En France, mieux vaut détourner des millions que voler une moto

dimanche 19 février 2012.
 

Jusqu’où ira la tempête judicaire qui frappe la majorité ? Le fait qu’Éric Woerth ait sans doute bientôt à répondre aux questions de la justice montre qu’un ministre est encore un justiciable comme un autre, ce qui est rassurant. Mais cette affaire hors norme cache une forêt de délits financiers mal traités, qui passent entre les mailles du filet ou finissent aux oubliettes. Deux poids, deux mesures  : la balance judiciaire penche clairement du côté des puissants. La lutte contre la délinquance financière est en régression et, pour les délinquants en col blanc, le bras de la justice est relativement indulgent. À l’autre bout du spectre, il y a les petits délinquants. Eux, par contre, ont droit à la « tolérance zéro », pierre angulaire du populisme judiciaire du gouvernement.

Avec la loi Perben 2, la justice a été rapprochée du pouvoir. Ceux des magistrats du parquet ont été accrus et leur soumission hiérarchique renforcée. La chancellerie peut ainsi contrôler l’avancée des enquêtes et l’action publique dans les dossiers les plus sensibles. Les magistrats du siège, qui jouissent de garanties d’indépendance, ont, eux, vu leurs prérogatives diminuer. Dans les dernières années, le nombre d’affaires traitées est en diminution constante. Ainsi, les informations judiciaires ouvertes au pôle financier du tribunal de Paris pour des délits financiers complexes a dégringolé de 101 en 2006 à 21 en 2008.

Pour Clarisse Taron, vice-procureure de Nancy et présidente du Syndicat de la magistrature, le constat est sans appel, et « de plus en plus prégnant » : « faute de moyens, faute d’intérêt, les affaires politico-financières ne sortent plus ». Pourtant, à l’autre bout de la chaîne, « la petite délinquance est jugée avec frénésie », toujours plus vite, avec toujours plus de répression, à flux tendus. En cause : la volonté officielle « d’envoyer un message fort aux délinquants », le développement accéléré dans les années quatre-vingt-dix des comparutions immédiates et la multiplication de « réponses pénales immédiates ». « Les tribunaux sont précisément évalués sur ce taux de réponse pénale, et même les petits tribunaux veulent se mettre à faire de la justice rapide », détaille le sociologue Christian Mouhanna (1).

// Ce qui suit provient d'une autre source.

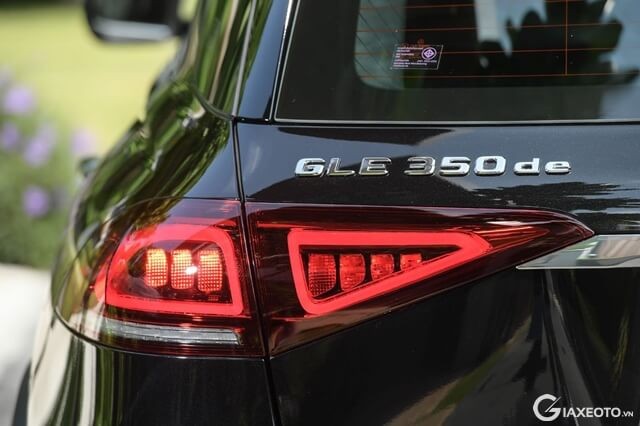 Mercedes-Benz-GLE-350-de-den-hau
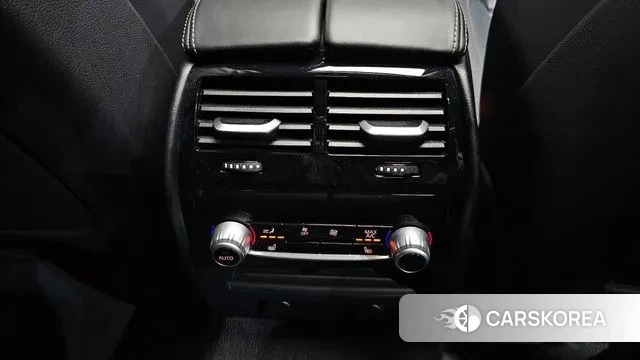 BMW 5 Series (G30) id 3418176 из Кореи 9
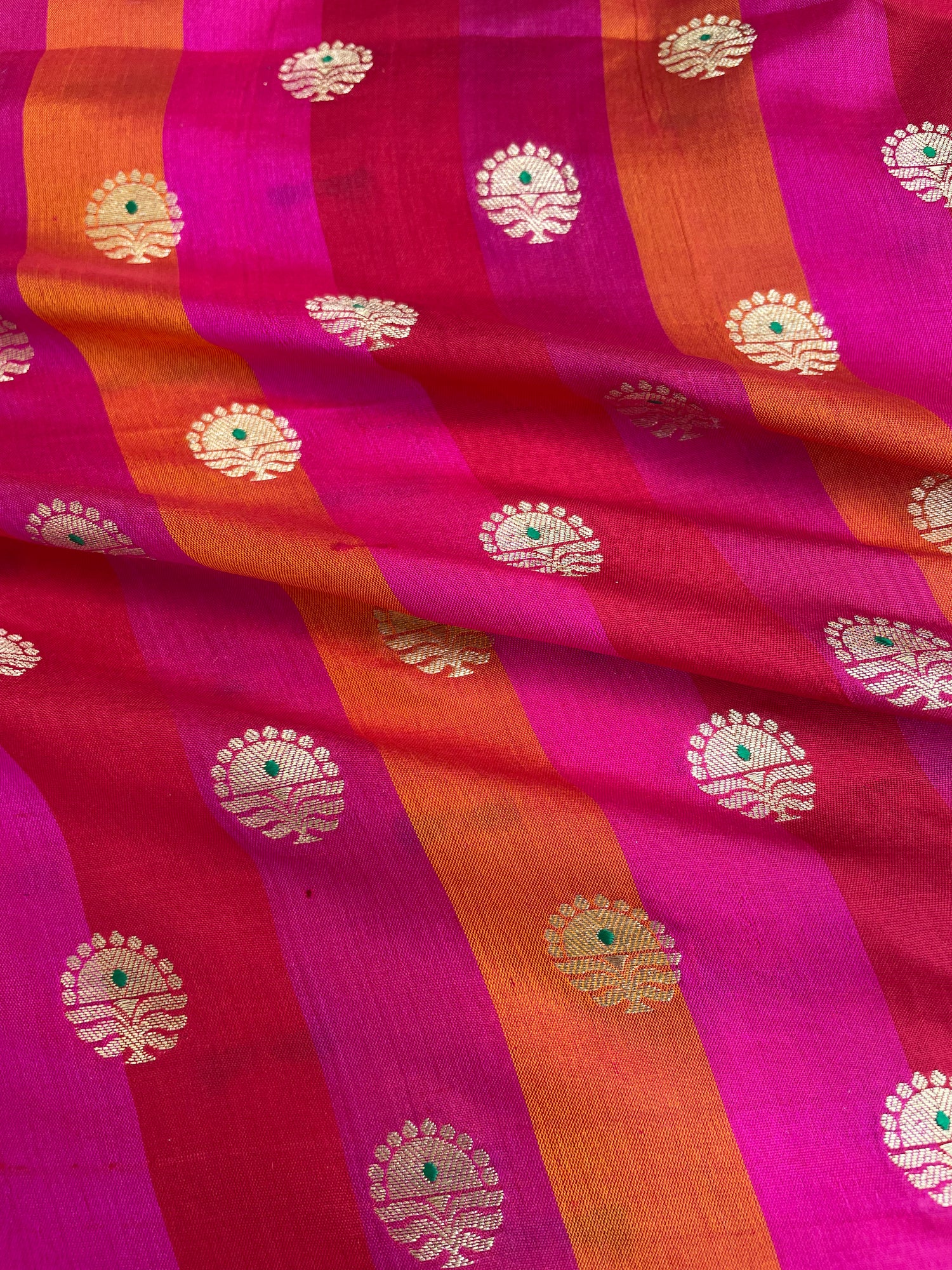 Rangkaat Handwoven Pure Kataan Silk Buti Fabric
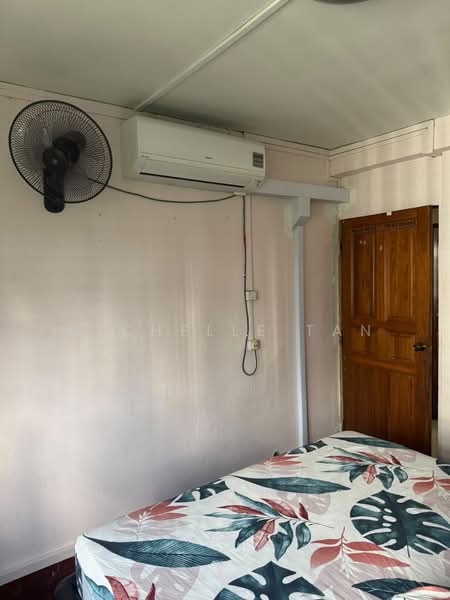 407 Pandan Gardens, 407 Pandan Gardens, Room Rental, 150 sqft, HDB Flat For Rent, by Michelle Tan, 500214976 - Bedroom - PropertyGuru.com.sg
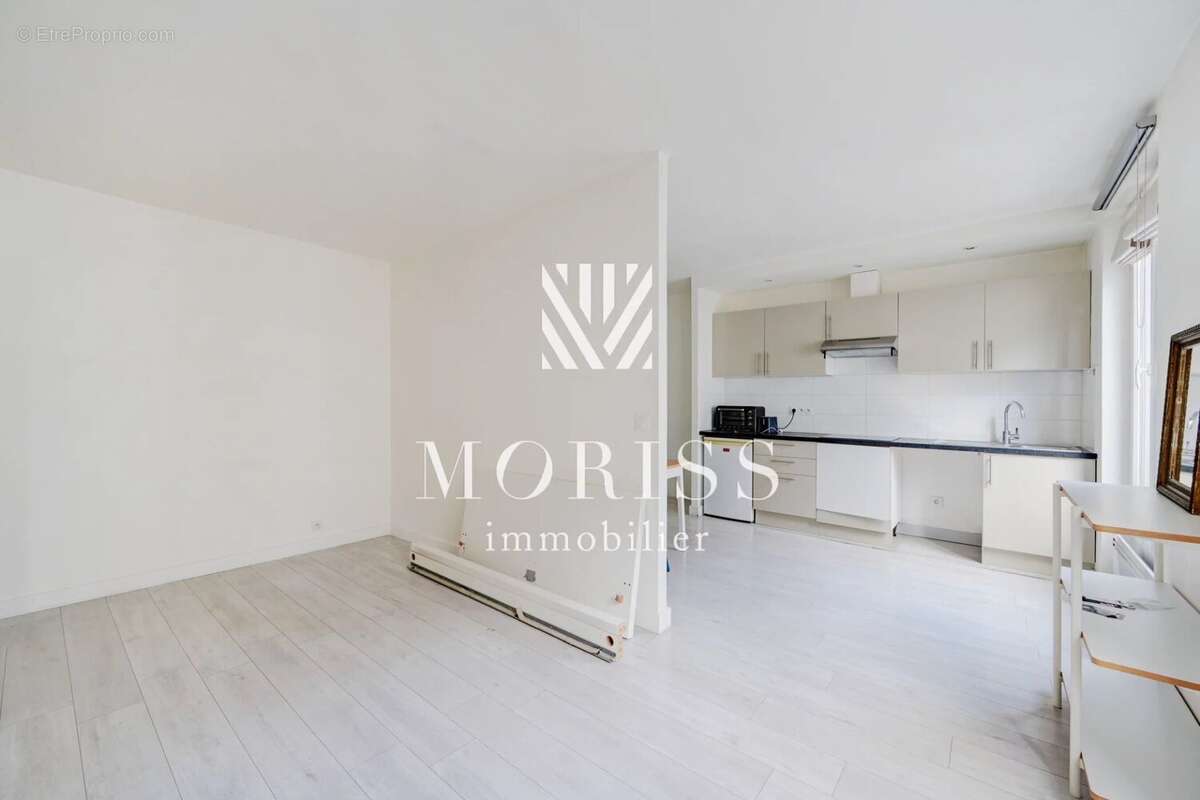 Appartement à PARIS-11E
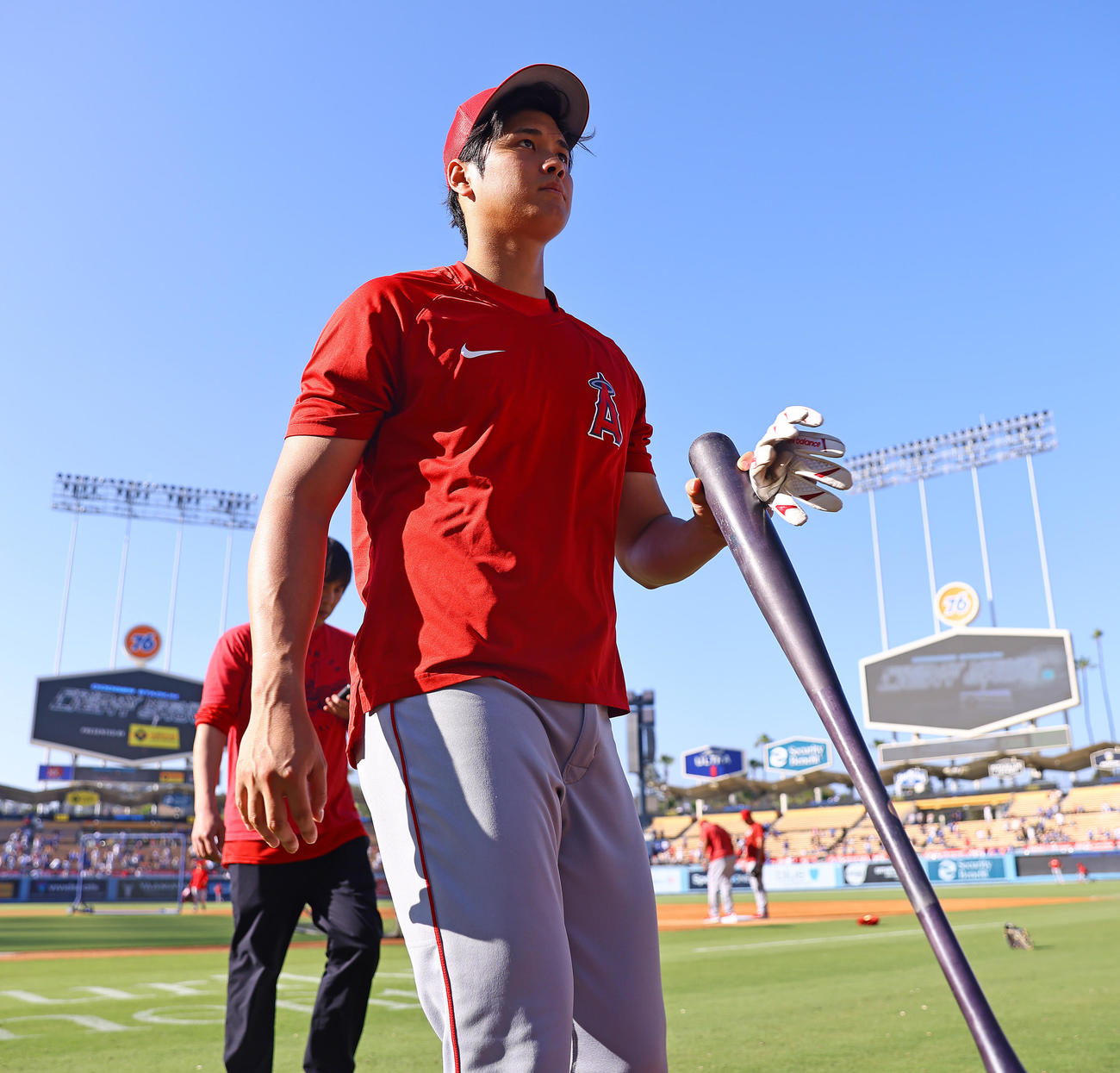 ドジャース対エンゼルス　試合前、フリー打撃を終え引き揚げるエンゼルス大谷（撮影・垰建太）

Le phénomène a été aggravé par le développement dans les années quatre-vingt-dix des unités de traitement en temps réel dans les tribunaux. En clair : des services où les parquetiers sont en permanence au téléphone, avec 60 à 80 appels par jour et par substitut, et quelques minutes pour trancher de l’orientation des dossiers communiqués par les officiers de police, vers des audiences en comparution immédiate ou d’autres juridictions. « Dans ce système, reprend le sociologue, c’est la police qui a le dessus. La façon dont elle présente l’affaire conditionne la décision du parquet. En huit minutes, le substitut n’a pas le temps de faire de contre-enquête. Et, à délit égal, quelqu’un qui est envoyé en comparution immédiate a plus de chance d’aller en prison. »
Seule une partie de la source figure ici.